School Segregation in Nineteenth-Century Nevada
One of the most contentious issues for authors of the Nevada State Constitution involved the education of racial minorities. In these debates, lawmakers grappled with the problem of a multi-racial population in a post-slavery society. Initially, they decided not to include minorities, principally African Americans and Chinese, in a universal compulsory education system. A Nevada Supreme Court decision in 1872, however, ended this exclusion and opened Nevada's public education system to racial minorities.
The issue of racially segregated education in Nevada first arose in the 1861 territorial legislature. That first legislature created a public school system similar to those in existence in California, but with one exception—Nevada did not explicitly forbid racially integrated schools.
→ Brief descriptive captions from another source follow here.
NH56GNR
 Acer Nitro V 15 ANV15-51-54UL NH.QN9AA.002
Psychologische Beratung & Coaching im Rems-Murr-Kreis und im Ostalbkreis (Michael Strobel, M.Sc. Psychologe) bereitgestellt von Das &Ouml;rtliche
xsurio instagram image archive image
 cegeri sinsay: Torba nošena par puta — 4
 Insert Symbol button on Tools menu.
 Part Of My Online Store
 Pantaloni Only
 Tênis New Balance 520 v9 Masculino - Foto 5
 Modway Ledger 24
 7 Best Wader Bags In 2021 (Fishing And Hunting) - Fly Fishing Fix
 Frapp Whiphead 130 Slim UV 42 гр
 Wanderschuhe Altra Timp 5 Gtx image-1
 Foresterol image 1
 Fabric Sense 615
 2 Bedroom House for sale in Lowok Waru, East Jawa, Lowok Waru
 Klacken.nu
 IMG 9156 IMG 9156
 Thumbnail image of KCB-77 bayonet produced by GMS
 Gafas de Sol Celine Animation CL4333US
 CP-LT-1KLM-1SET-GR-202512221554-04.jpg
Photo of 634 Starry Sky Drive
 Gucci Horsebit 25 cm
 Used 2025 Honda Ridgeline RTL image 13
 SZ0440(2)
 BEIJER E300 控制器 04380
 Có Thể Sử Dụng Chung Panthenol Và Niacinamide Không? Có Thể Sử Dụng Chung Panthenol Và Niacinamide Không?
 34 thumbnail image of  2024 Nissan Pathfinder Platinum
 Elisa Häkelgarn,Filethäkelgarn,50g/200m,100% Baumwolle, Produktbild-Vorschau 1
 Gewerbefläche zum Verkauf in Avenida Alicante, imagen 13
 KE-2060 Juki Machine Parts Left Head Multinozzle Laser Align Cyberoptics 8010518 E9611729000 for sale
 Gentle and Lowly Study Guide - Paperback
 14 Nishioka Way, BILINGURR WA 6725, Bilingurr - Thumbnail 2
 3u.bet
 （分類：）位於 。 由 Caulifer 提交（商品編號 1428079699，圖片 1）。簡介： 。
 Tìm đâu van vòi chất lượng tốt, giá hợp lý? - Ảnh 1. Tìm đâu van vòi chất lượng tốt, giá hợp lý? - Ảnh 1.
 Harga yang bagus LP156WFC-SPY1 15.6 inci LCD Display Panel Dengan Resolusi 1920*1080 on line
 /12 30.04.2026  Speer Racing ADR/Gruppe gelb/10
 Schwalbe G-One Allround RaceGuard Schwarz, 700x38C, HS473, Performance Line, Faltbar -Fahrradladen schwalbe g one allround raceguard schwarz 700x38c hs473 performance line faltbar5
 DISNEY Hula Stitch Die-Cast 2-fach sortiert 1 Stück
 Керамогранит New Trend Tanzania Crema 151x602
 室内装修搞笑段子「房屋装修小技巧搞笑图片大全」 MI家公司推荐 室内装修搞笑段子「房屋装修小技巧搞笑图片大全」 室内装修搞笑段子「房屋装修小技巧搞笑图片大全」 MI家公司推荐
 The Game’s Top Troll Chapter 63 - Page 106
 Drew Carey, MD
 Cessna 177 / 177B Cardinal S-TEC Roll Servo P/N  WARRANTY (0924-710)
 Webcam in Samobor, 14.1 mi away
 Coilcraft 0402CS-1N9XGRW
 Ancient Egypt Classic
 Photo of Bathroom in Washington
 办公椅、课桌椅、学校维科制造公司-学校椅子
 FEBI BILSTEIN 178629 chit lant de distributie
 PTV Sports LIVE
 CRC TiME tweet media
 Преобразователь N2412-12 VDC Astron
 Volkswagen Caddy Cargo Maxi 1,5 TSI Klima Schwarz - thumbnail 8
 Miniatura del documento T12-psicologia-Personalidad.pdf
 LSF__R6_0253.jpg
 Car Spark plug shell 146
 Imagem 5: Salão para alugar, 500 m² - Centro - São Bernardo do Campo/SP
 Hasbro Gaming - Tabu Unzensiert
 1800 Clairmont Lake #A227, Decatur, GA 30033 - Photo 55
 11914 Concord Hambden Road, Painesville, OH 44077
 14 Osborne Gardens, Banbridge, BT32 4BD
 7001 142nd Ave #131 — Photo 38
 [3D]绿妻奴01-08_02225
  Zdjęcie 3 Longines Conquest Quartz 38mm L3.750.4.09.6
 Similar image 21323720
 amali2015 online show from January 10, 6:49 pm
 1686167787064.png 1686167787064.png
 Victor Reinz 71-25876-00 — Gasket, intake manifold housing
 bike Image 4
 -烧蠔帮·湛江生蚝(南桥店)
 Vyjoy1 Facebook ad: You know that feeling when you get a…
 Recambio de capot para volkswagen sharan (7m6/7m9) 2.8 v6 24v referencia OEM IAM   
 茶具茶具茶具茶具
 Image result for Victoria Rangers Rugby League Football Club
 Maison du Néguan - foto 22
Although it is uncertain why this decision was made, it is reasonable to assume that it was a conscious choice due to the obvious familiarity of the lawmakers with the California system. Perhaps this is explained by the demographics of Nevada in 1861; of the 3,017 people living in the Comstock area in 1860, only seven were African American and only fourteen were Chinese. In addition, only five percent of the residents were female. Clearly, Nevadans saw no reason to fear a large minority presence—a presence that generated special fear when white women were involved—in these early classrooms.
The topic was much more contentious in the debates of the constitutional convention of 1863. The first education proposal put forth called for compulsory public education, but its approval was stalled over the issue of inclusion of non-whites. Delegates C. N. Noteware and James H. Ralston spearheaded an effort to specify that education was to be available and compulsory for white students only. The change was voted down at first, but the issue was resuscitated and approved the next day. Despite the wrangling, the compulsory education clause was eventually dropped altogether from the 1863 constitution, a point that became moot when the constitution was rejected by the voters. The 1864 constitutional convention briefly debated the subject on similar grounds, but ultimately decided to leave the matter out of the constitution itself.
Nevada's first legislature resolved this issue with legislation that excluded non-whites from Nevada's public educational system, and the 1867 legislature clarified the language: “Negroes, Mongolians, and Indians, shall not be admitted into the Public Schools, but the Board of Trustees may establish a separate school for their education, and use the Public School Funds for the support of the same.” This law was controversial from the beginning, and both African Americans and white Republicans criticized it.
While the opposition was gathering, various Nevada communities made efforts to provide education for non-whites. On the Comstock, at least two separate schools for non-white children were operated in the mid-1860s. A classroom located in the Oriental Hotel on E Street offered instruction for African American adults at night. In Carson City, the small African American community made an effort to fund and build a separate school for that city's African American children. In Elko, African American children were allowed to attend integrated schools as early as 1870. In Eureka, though, Thomas Detter claimed that no education at all was provided for non-white students.
The opposition to the inadequate public schooling for non-white students gathered strength in the late 1860s, especially after the ratification of the Fourteenth Amendment (1868) and Fifteenth Amendment (1870) to the U.S. Constitution. W. H. C. Stephenson, president of the Lincoln Union Club and unofficial spokesman for Virginia City's African American community, referred to the exclusion of African Americans from public schools as a “monstrous injustice,” especially in light of the fact that African Americans paid taxes to support them. To Stephenson, integration was not the primary issue—exclusion from education was the problem. In Stephenson's words, “To colored or separate schools, the people have raised no objection; but school privileges they claim as a matter of right and justice.” In reality, however, the high cost of separate facilities often resulted in the less expensive exclusion of non-white children from educational facilities.
In 1871, the constitutionality of Nevada's exclusion of minorities from public schooling was challenged in the courts. Nelson Stoutmeyer, an African American laborer in Carson City, Nevada, filed suit to get his son, David, admitted into Carson City's schools. In the resulting case, Stoutmeyer v. Duffy, the Nevada Supreme Court ruled that exclusion of Stoutmeyer from public schooling was unconstitutional, although it upheld the idea that separate educational facilities were constitutional. This was a moot point in Nevada, however, because separate educational facilities were not economically feasible.
Soon after the Stoutmeyer ruling, students of African descent were admitted to Nevada public schools. In 1873, the Nevada Legislature removed the separate school statute entirely and thus ended de jure segregated education in Nevada. De facto segregation—separate treatment due to places of residence and other factors—continued into the 1950s.